ACTION ITEM: In the entries below, find the line with "Tổng Bí thư" and print exactly every line from there up to and including the line with "Mr. Cloud Cevizleri", with no other lines.

RECORDS FOR THIS TASK:

--- START ---

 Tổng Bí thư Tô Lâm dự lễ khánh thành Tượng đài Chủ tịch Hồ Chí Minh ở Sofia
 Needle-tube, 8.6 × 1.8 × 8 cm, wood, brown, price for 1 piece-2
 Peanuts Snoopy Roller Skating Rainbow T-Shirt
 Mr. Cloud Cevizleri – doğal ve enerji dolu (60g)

--- END ---
--- START ---

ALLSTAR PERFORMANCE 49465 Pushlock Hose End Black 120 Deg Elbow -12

--- END ---

OUTPUT FOR THIS TASK:
 Tổng Bí thư Tô Lâm dự lễ khánh thành Tượng đài Chủ tịch Hồ Chí Minh ở Sofia
 Needle-tube, 8.6 × 1.8 × 8 cm, wood, brown, price for 1 piece-2
 Peanuts Snoopy Roller Skating Rainbow T-Shirt
 Mr. Cloud Cevizleri – doğal ve enerji dolu (60g)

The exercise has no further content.